Kuakata Sea beach

 Kuakata (Bengali: কুয়াকাটা) is a town in southern Bangladesh known for its all encompassing ocean beach. Kuakata ocean side is a sandy breadth 18 kilometers (11 mi) long and 3 kilometers (1.9 mi) wide. From the ocean side one can have an unhindered perspective on both dawn and dusk over the Bay of Bengal.



The name Kuakata started from the word 'kua' — the Bengali word for "well" which was dug on the beach by the early Rakhine settlers(Burmese clans) in journey of gathering drinking water. They arrived on the Kuakata coast in the eighteenth hundred years in the wake of being ousted from Arakan (Myanmar) by the Burmese radicals . Afterwards, it has turned into a practice of digging wells in the neighborhoods of Rakhaine clans for water.

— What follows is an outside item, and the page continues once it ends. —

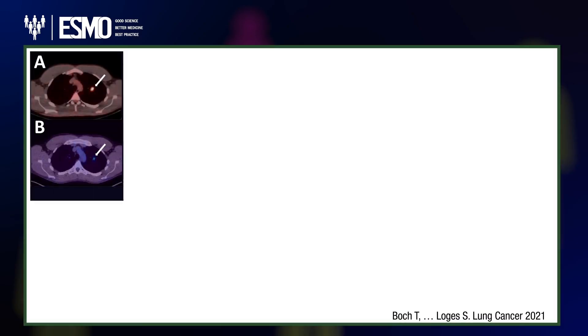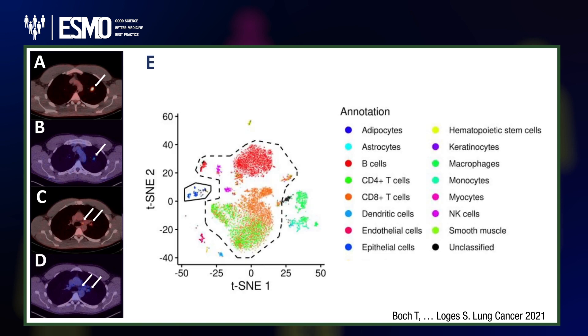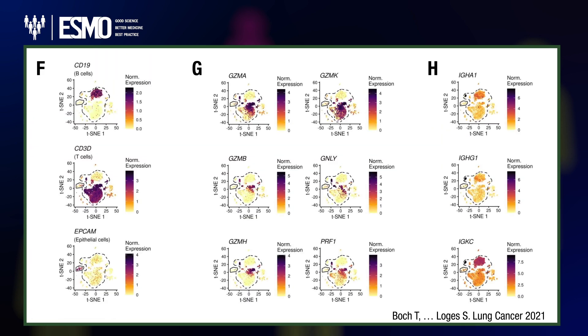We ourselves are investing heavily in biomarker diagnostics, focusing on multi-omic tools including spatial RNA-seq and liquid biopsy technologies, linked with AI tools and structural biology. We are really trying to push diagnostics to the next level.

Kuakata is a position of journey for Hindu and Buddhist people group. Countless fans show up here at the celebrations of 'Rush Purnima' and 'Maghi Purnima'. On these events the travelers scrub down at the narrows and take part in the conventional fairs. One might visit a 100-year-old Buddhist sanctuary where the sculpture of Goutama Buddha and two 200-year-old wells are found. The town Kuakata has ocean side named Kuakata Beach. Numerous travelers visit the spot to see the ocean side despite the fact that it hasn't global acknowledgment like Cox's Bazar Beach yet it is well known in Bangladesh.